• [Exercise directions] Exclude the pictures and retype the entries as written.

[Captioned web images]
BEGIN

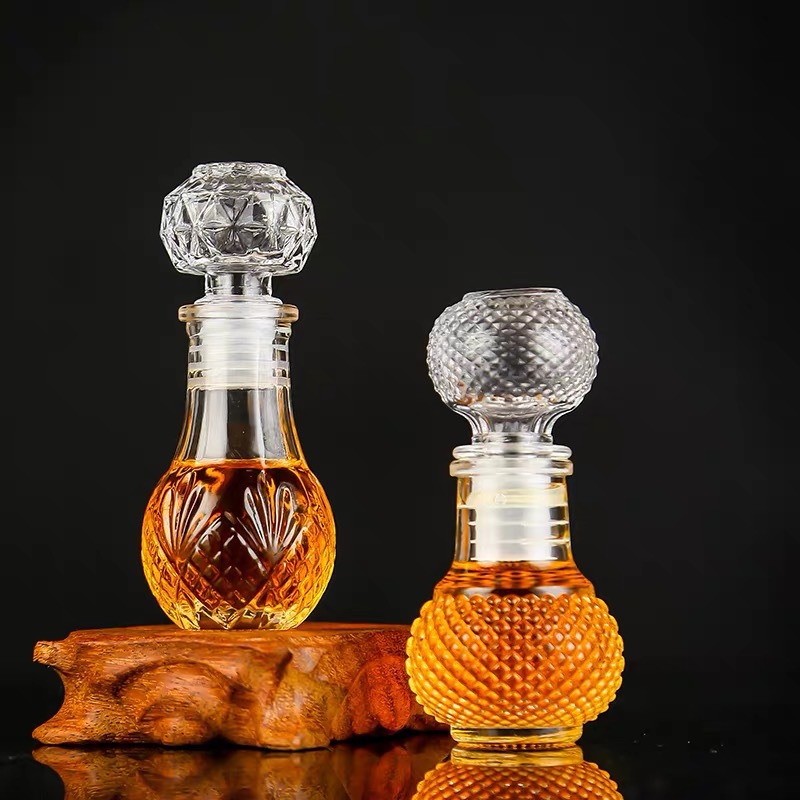 Beautiful wine decanter 50ml creative little bottle Transparent glass bottle miniature foreign wine bottle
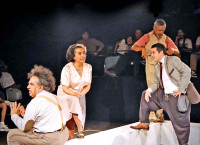 Estridentópolis, escrita por Luis Enrique Gutiérrez Ortiz Monasterio, LEGOM, tiene la dirección de Hugo Arrevillaga y Karina Meneses. Se estrena el viernes 28 de febrero a las 20:00 horas. Foto: Cortesía Compañía Titular de Teatro de la UV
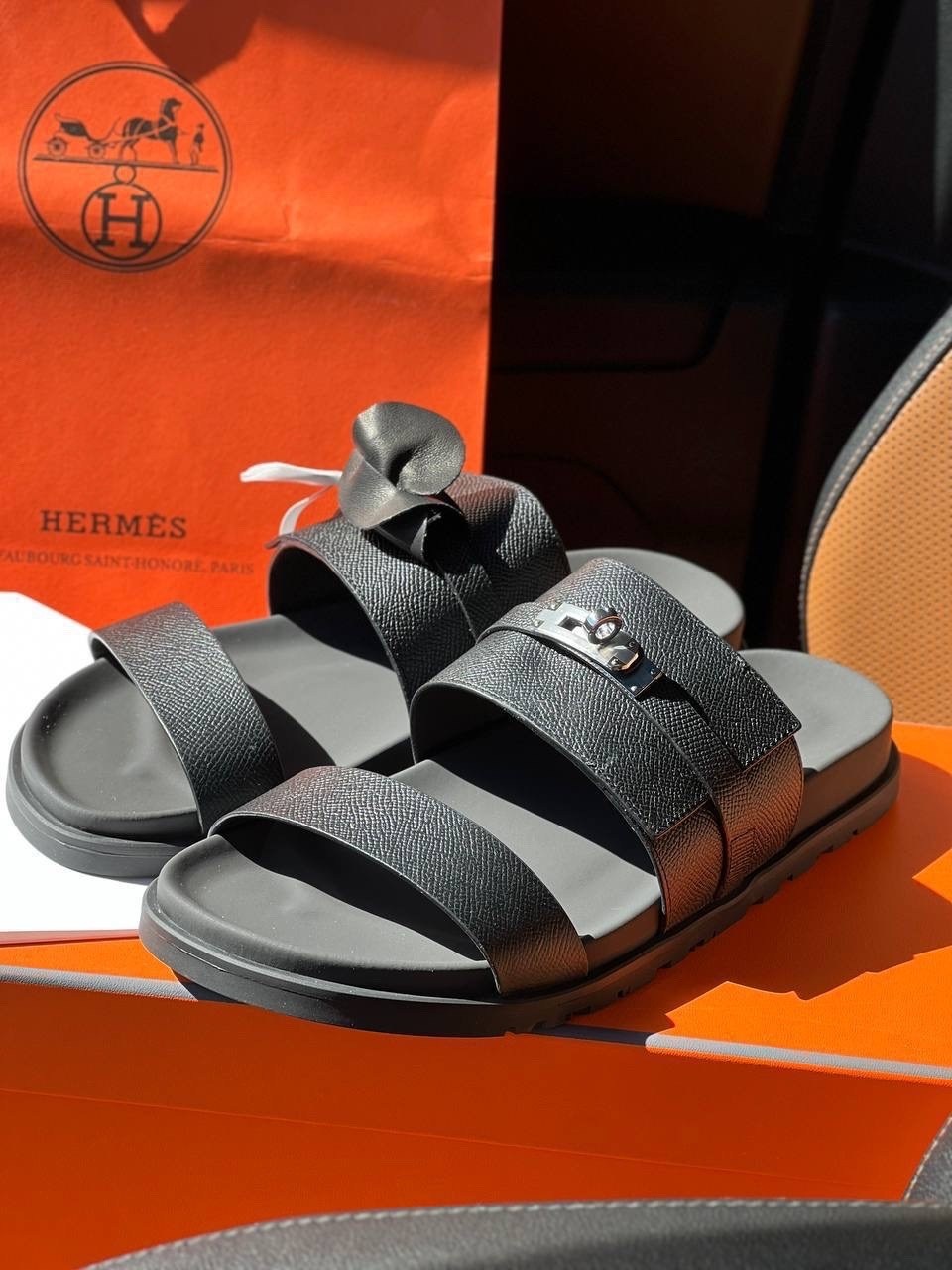 шлепанцы hermes,тапочки hermes,шлепки hermes,сандалии hermes,мужские шлепанцы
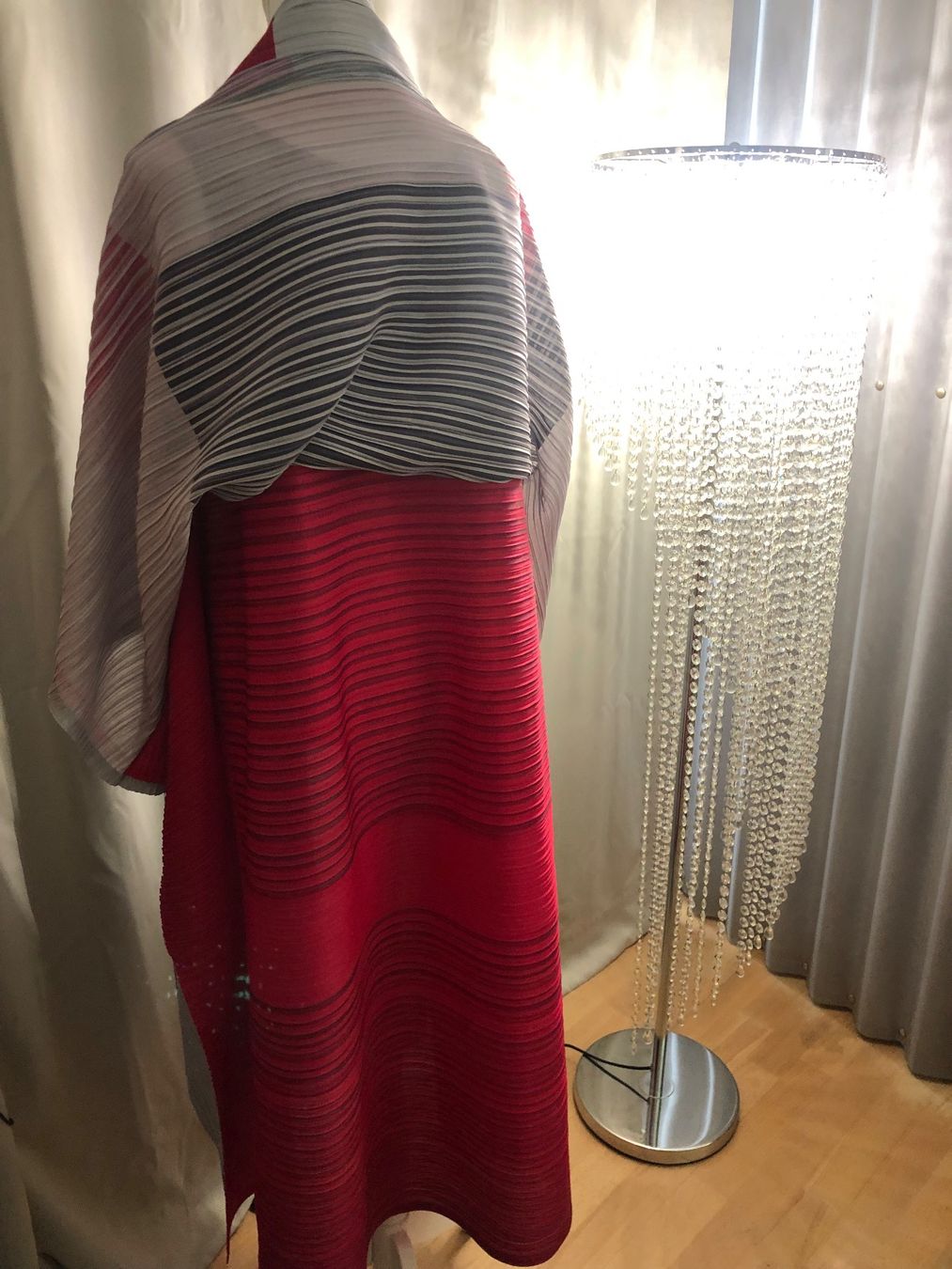 Issey Miyake Kleider: Issey Miyake Dress Pleats Please – Neu (gemäss Beschreibung) aus St. Moritz von Capricorn88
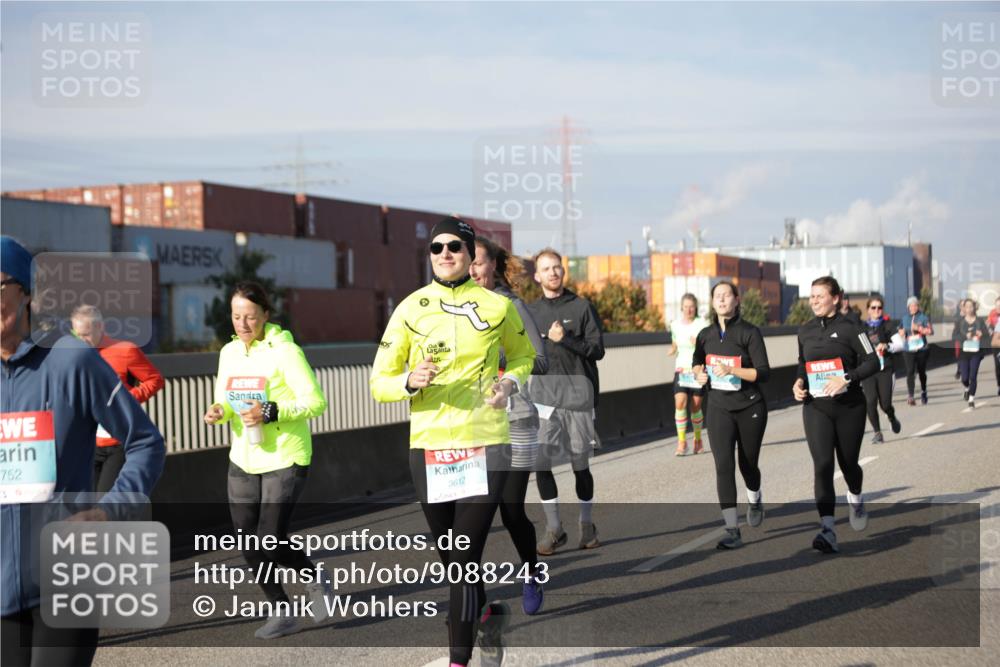 03.10.2025 - Köhlbrandbrückenlauf Jannik Wohlers http://msf.ph/oto/9088243 03.10.2025 10:08:56 Position 3 752, 3612 meine-sportfotos.de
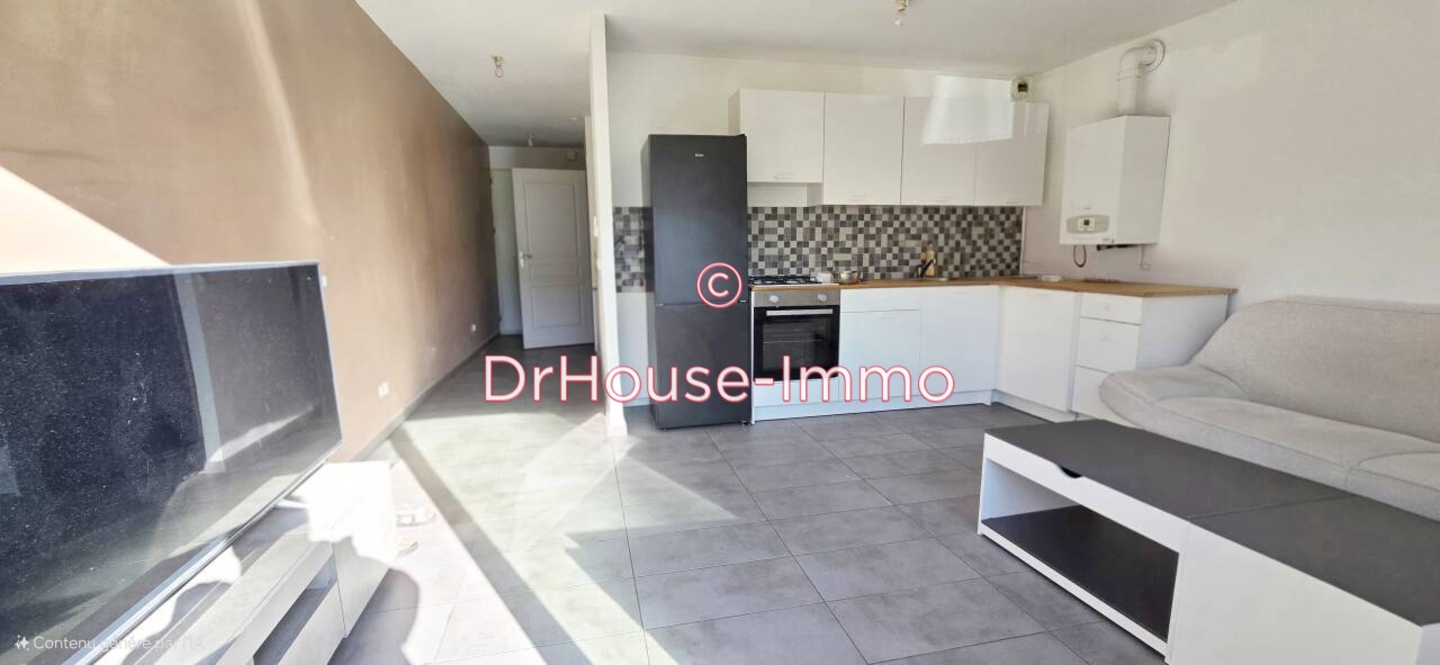 Appartement 2 pièces de 41 m² - Saint-Étienne (42100)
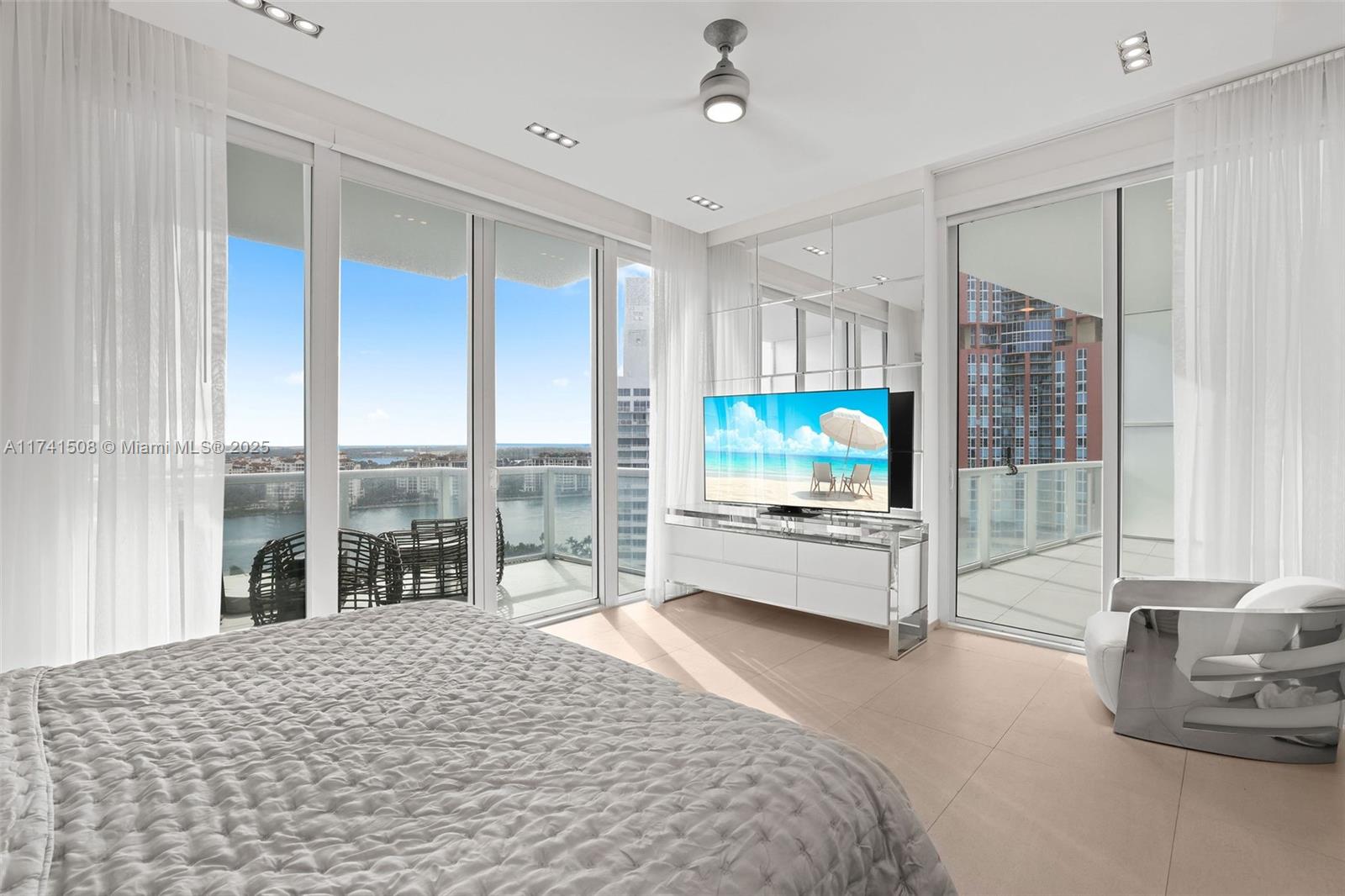 CONTINUUM ON SOUTH BEACH - Residential Lease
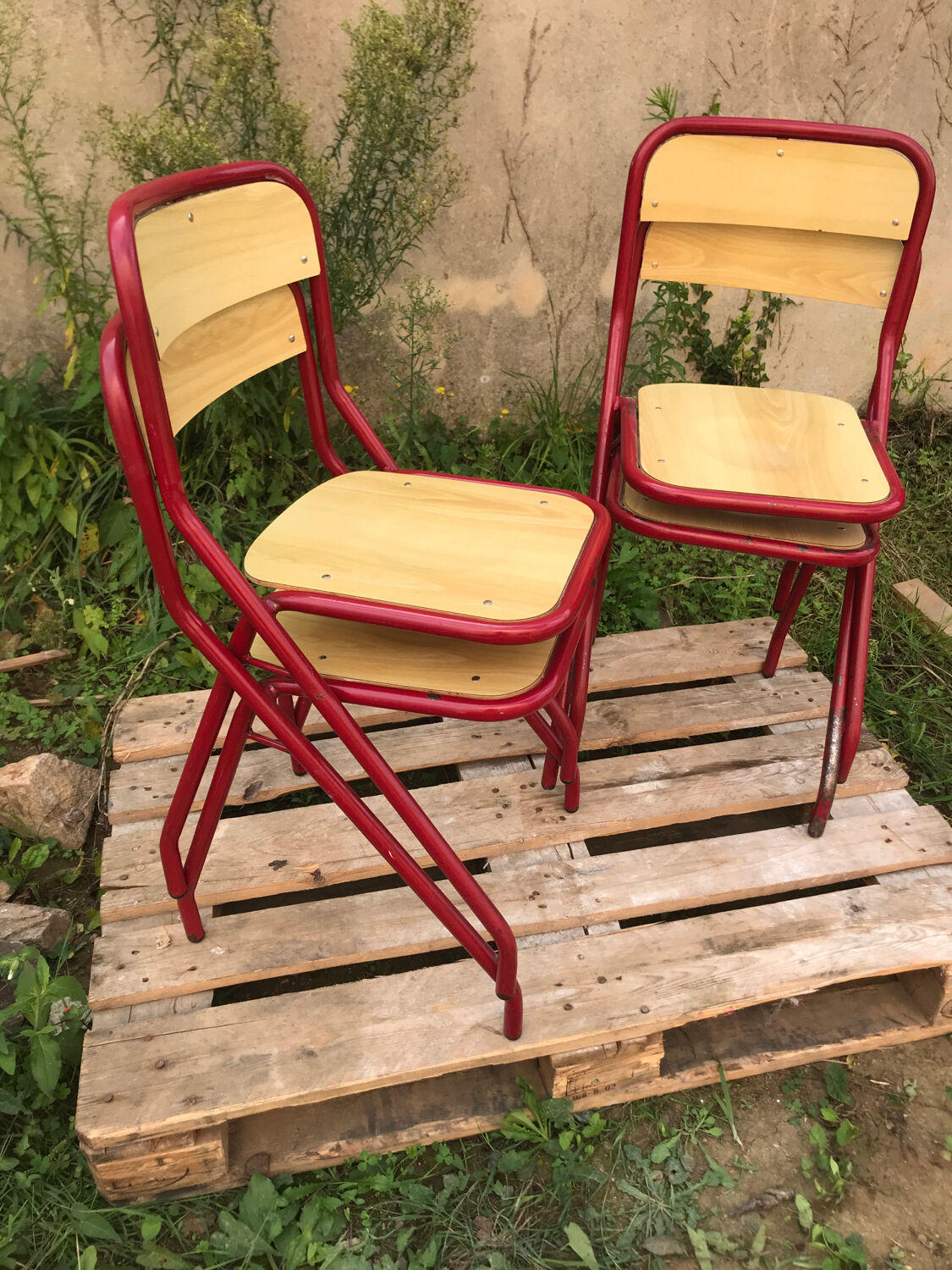 Chaises écoliers vintage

END

• [Output for this exercise]
 Beautiful wine decanter 50ml creative little bottle Transparent glass bottle miniature foreign wine bottle
 Estridentópolis, escrita por Luis Enrique Gutiérrez Ortiz Monasterio, LEGOM, tiene la dirección de Hugo Arrevillaga y Karina Meneses. Se estrena el viernes 28 de febrero a las 20:00 horas. Foto: Cortesía Compañía Titular de Teatro de la UV
 шлепанцы hermes,тапочки hermes,шлепки hermes,сандалии hermes,мужские шлепанцы
 Issey Miyake Kleider: Issey Miyake Dress Pleats Please – Neu (gemäss Beschreibung) aus St. Moritz von Capricorn88
 03.10.2025 - Köhlbrandbrückenlauf Jannik Wohlers http://msf.ph/oto/9088243 03.10.2025 10:08:56 Position 3 752, 3612 meine-sportfotos.de
 Appartement 2 pièces de 41 m² - Saint-Étienne (42100)
 CONTINUUM ON SOUTH BEACH - Residential Lease
 Chaises écoliers vintage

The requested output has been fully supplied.